### ENTRIES SUPPLIED
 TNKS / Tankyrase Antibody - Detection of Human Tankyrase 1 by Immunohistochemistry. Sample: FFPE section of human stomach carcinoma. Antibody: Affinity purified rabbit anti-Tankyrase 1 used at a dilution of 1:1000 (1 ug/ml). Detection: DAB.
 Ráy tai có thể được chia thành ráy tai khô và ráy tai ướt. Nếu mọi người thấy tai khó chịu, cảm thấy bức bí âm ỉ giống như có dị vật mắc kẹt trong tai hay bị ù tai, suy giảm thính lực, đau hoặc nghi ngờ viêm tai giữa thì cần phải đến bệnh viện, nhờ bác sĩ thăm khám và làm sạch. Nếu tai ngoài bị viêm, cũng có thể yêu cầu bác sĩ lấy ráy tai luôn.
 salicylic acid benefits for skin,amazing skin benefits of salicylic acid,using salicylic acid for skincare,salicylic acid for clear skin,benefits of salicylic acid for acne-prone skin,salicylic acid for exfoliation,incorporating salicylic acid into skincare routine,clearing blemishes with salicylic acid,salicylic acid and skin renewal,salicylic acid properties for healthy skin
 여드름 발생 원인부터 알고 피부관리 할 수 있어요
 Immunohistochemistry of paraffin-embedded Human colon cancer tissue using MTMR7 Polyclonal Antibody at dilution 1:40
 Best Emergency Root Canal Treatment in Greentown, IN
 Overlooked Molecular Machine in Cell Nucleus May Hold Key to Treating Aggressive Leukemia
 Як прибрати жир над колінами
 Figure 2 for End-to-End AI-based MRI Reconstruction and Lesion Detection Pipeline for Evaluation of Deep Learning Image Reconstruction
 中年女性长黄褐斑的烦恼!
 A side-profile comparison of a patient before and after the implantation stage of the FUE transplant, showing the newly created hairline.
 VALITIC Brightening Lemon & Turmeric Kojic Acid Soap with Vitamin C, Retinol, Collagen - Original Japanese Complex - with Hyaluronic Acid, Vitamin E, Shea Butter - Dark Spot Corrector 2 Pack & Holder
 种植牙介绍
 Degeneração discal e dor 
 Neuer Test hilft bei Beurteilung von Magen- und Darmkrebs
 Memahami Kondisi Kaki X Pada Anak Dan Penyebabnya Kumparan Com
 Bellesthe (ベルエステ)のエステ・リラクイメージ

### WHAT IS REQUIRED
From the records above, return each line that has the string "Human".

### EXPECTED OUTPUT
 TNKS / Tankyrase Antibody - Detection of Human Tankyrase 1 by Immunohistochemistry. Sample: FFPE section of human stomach carcinoma. Antibody: Affinity purified rabbit anti-Tankyrase 1 used at a dilution of 1:1000 (1 ug/ml). Detection: DAB.
 Immunohistochemistry of paraffin-embedded Human colon cancer tissue using MTMR7 Polyclonal Antibody at dilution 1:40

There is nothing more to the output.